= Market run =

Purchasing spree caused by an anticipated shortage

A market run or run on the market occurs when consumers increase purchasing of a particular product because they fear a shortage. As a market run progresses, it generates its own momentum: as more people demand the item, the supply line becomes unable to keep up. This causes a local shortage, which in turn encourages further hoarding.

Examples include a run on the gasoline market following hurricane Katrina in 2005, an ammunition shortage following President Obama's election in 2008, and a run on toilet paper following a Johnny Carson joke on The Tonight Show in 1973.

== Relationship to panic buying ==
The phenomenon described as a market run is closely related to the well-studied economic behaviour known as panic buying, in which consumers purchase unusually large quantities of goods in anticipation of a shortage or crisis. In economics, panic buying refers to a rapid surge in demand driven by fear of future scarcity, often exacerbated by social influence and media reporting, which can itself create or worsen shortages.

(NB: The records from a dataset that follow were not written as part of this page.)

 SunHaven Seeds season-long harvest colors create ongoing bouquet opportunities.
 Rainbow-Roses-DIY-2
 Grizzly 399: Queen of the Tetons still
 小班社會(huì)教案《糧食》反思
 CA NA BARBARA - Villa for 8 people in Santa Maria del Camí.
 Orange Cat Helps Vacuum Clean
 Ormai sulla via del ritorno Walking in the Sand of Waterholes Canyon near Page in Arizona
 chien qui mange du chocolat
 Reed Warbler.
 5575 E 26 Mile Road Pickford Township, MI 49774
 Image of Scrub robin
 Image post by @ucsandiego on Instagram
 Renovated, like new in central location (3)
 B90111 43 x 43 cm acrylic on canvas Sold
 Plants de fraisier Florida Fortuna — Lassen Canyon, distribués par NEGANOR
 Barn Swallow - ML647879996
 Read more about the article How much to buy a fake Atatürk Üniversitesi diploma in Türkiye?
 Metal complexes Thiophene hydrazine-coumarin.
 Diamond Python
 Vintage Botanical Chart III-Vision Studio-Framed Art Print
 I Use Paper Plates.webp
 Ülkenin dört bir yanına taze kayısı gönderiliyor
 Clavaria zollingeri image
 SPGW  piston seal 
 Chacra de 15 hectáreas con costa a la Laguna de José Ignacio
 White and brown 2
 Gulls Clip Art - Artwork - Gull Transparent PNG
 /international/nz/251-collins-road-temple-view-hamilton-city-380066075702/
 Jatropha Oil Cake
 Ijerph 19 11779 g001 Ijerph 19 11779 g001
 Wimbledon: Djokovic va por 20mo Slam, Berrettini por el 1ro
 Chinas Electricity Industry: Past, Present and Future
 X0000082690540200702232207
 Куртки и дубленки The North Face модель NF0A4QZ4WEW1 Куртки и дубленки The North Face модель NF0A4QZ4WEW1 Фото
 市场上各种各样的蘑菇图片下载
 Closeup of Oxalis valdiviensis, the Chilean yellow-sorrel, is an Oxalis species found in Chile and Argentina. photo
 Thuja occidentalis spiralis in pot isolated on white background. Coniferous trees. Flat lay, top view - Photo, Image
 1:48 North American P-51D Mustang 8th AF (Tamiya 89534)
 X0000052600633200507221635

Academic analyses describe panic buying as a response to anticipated supply disruptions, where consumers attempt to acquire essential goods before they become unavailable, leading to temporary shortages and stockouts even in well-supplied markets. Such behaviour has been observed across diverse contexts including health emergencies, natural disasters, and supply chain disruptions, and can generate self-fulfilling shortages when consumer actions outpace supply capacity.